A defesa do ensino público começou com a Revolução Francesa. A burguesia tomou esse discurso como forma de substituir o monopólio da Igreja na área da educação por um ensino laico e universal. Era necessário, com a formação do capitalismo, que os cidadãos, principalmente os proletários, se instruíssem para acompanhar o desenvolvimento tecnológico da sociedade capitalista. Para isso, era importante que todos tivessem acesso a educação. No Brasil, vivendo a época colonial, um sistema político absolutista e pré-capitalista, implementou, de acordo com a tradição portuguesa, uma administração pesada e ineficiente, que teve inicio com a vinda da família real ao Brasil, no governo de D. João VI.

É obvio que não basta ter acesso à educação para todos, sem questionar que tipo de educação queremos.
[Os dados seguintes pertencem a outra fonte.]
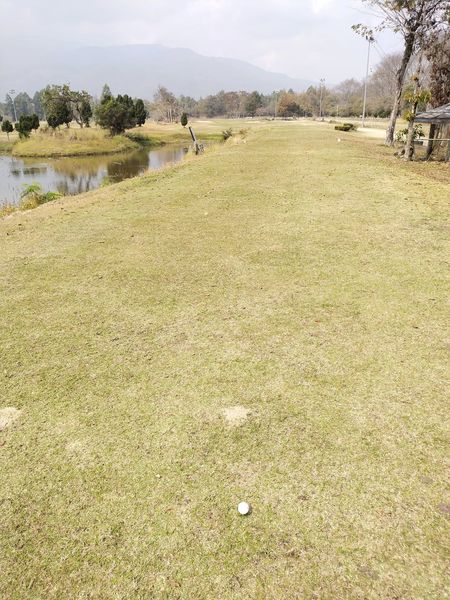 Lanna Golf Club grass nature golf course and tree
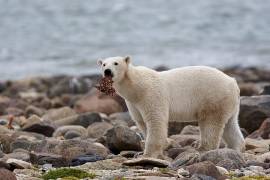 Un oso polar macho come un trozo de carne de ballena mientras camina a lo largo de la costa de la Bahía de Hudson, cerca de Churchill, Manitoba.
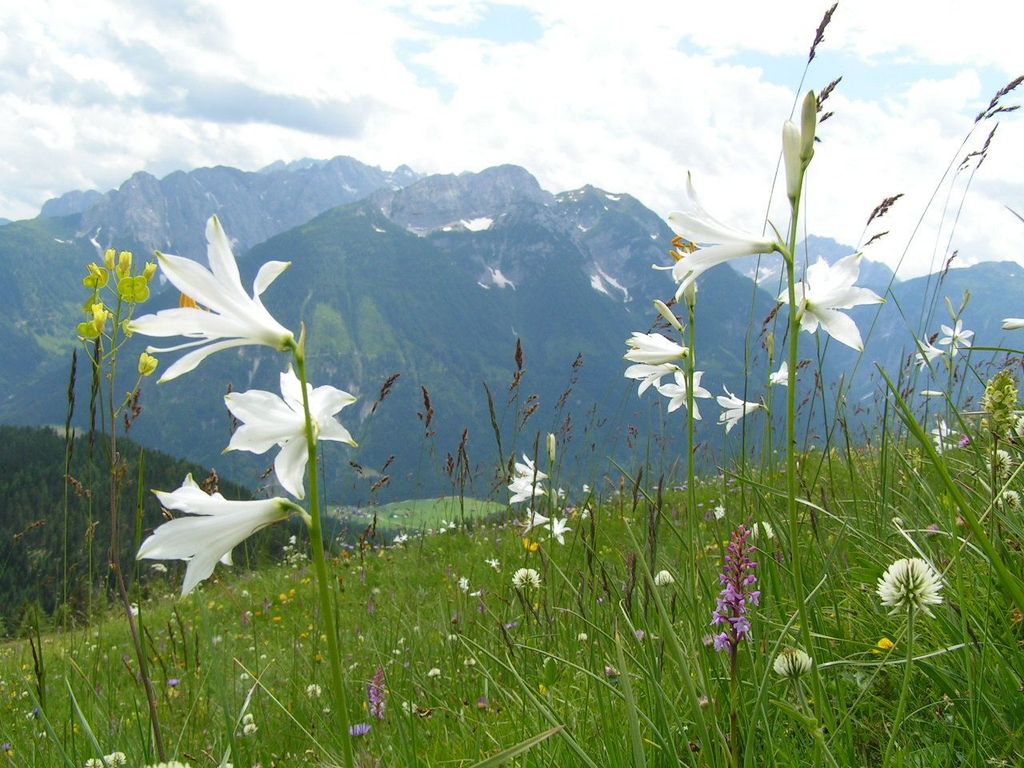 Zum Löwen Gasthof Ainetter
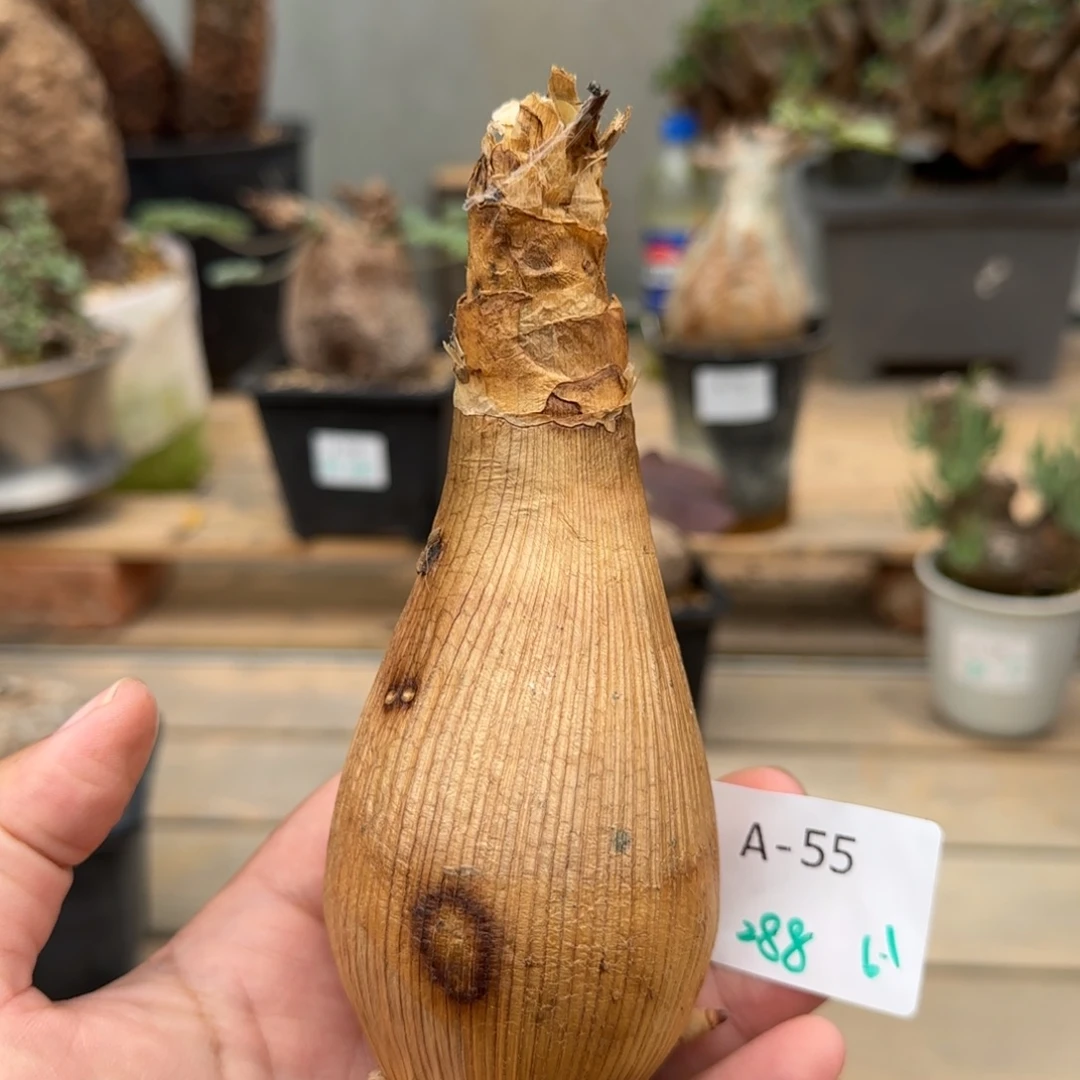 55变色大地百合块根植物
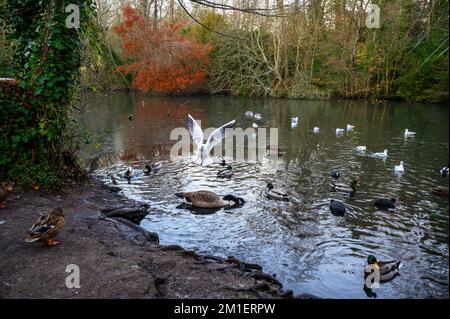 Viele verschiedene Arten von Vögeln auf einem See in dieser Winterszene. Ein kalter Wintertag in Kelsey Park, Beckenham, Kent, Großbritannien. Stockfoto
O ensino público como um direito conquistado com a Revolução Francesa (conquista de todos os cidadãos e não apenas da burguesia), é importante como condição necessária e anterior a um processo mais amplo: a democracia real em todas as esferas da sociedade. E democracia real entendo como a igualdade formal, mas também o acesso de todos os cidadãos, sem distinção de renda, raça, credo ou cor, à educação, saúde, trabalho, consumo, lazer, informação, organização política, etc.
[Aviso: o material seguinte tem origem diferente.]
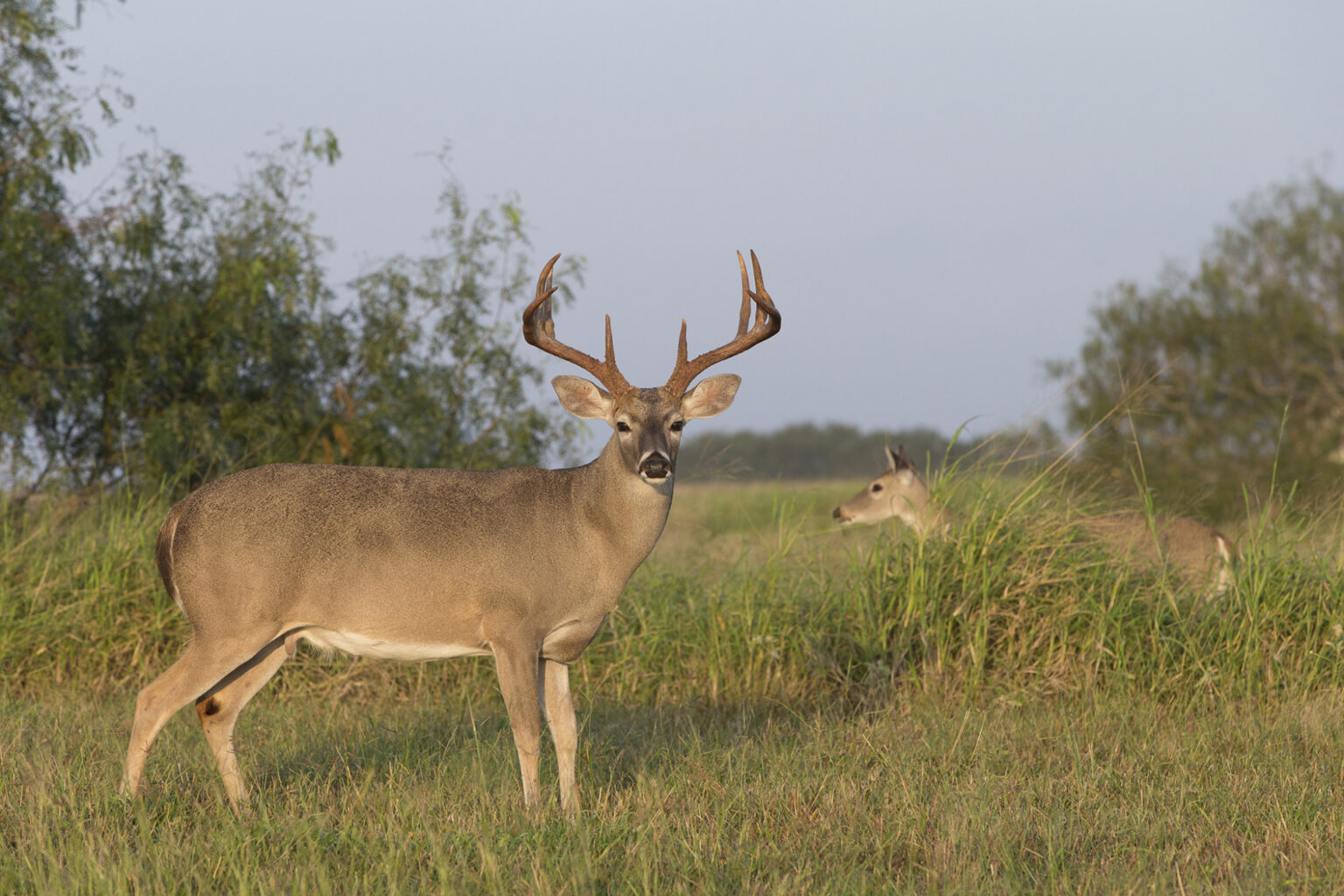 Hunters prepare for opening day of deer season. AgriLife Extension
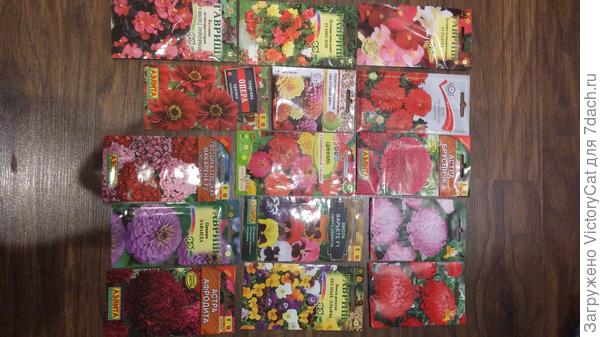 Красивоцветущие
Nesse aspecto, o ensino privado fere o principio constitucional de igualdade que está ligado à concepção de ensino público como dever do Estado e direito de todos. O ensino privado é discriminatório por natureza, nesse sentido, pois é visto como uma mercadoria que apenas consome quem tem dinheiro e a educação não é vista como emancipação do indivíduo, crítico em relação à própria sociedade ou ao Estado dominado por uma elite que quer privatizá-lo. No setor privado é necessário a exclusão e exploração para que se dê o lucro. De onde vem o lucro, senão da exploração de uma classe pela outra? Não questiono aqui o papel da iniciativa privada nas diferentes esferas da sociedade questiono, isto sim, o discurso “privatista” como solução para todos os males de nossa sociedade, como substituição do “público” e até mesmo do papel do próprio Estado.
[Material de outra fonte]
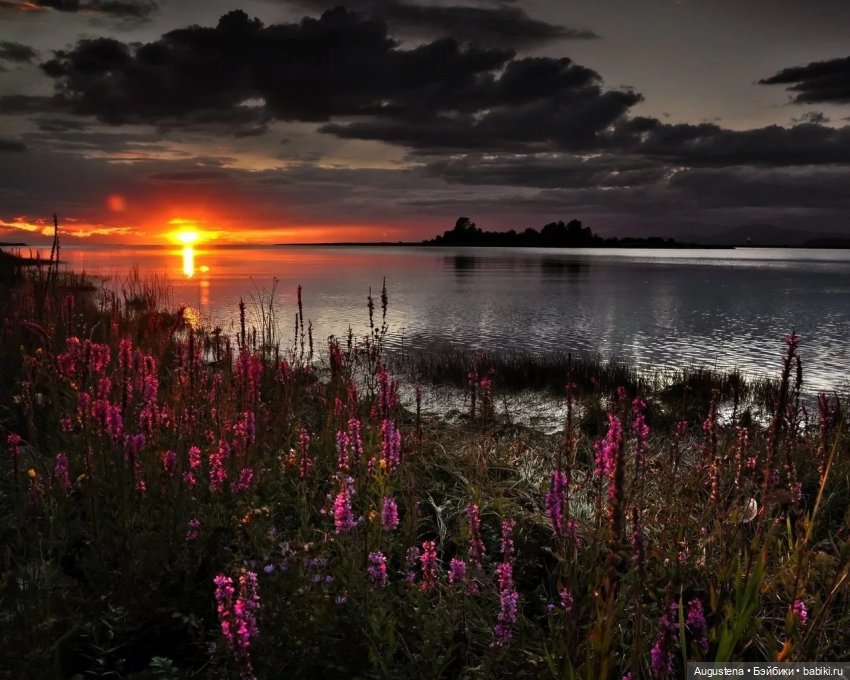 Поворот на лето 2025 — Болталка и разговоры обо всем: жизнь (фото 6)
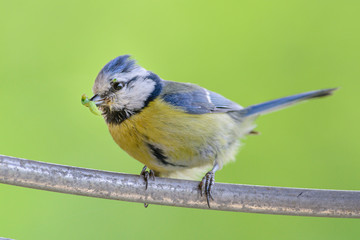 Blaumeise mit Raupe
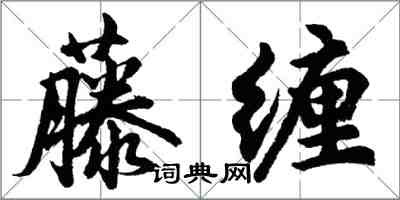 胡問遂藤纏行書怎么寫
Acho que o ensino público não é público e não é de qualidade (embora o ensino superior público é melhor que o privado), não porque o Estado por si só fosse incompetente, mas porque nosso Estado, que é privado na sua administração, não atingiu a democracia real. Por isso, é preciso que a educação seja um direito de todos e dever do Estado, como condição necessária e anterior a um processo mais amplo: a democratização do Estado e da sociedade como um todo. O Estado deve ser realmente democrático no âmbito econômico, nas decisões política, na justiça, no bem comum. Assim também, a escola e a sociedade como um todo tem que se democratizar num processo constante em que não depende apenas do Estado, mas da sociedade civil, ou seja, dos cidadãos.

Quanto ao discurso da “eficiência e competência”, tem servido como uma forma ideológica de dominação por parte da elite dirigente. Discurso supostamente livre de ideologia, de que a sociedade dá papéis diferenciados a cada indivíduo (divididos em funções ou especialização), que, na sua função, deve desempenhar seu papel da melhor forma, sem questionar o todo dessa máquina que é o sistema capitalista. É preciso desmistificar o discurso da competência. O que é realmente competência e eficiência? Para que e para quem isso interessa? Essas e outras perguntas, como: o que é ensino público? O que se aprende e a quem vai servir esse conhecimento, devem prescindir ao debate em tomo de quem deve deter o monopólio da educação: o Estado a iniciativa privada.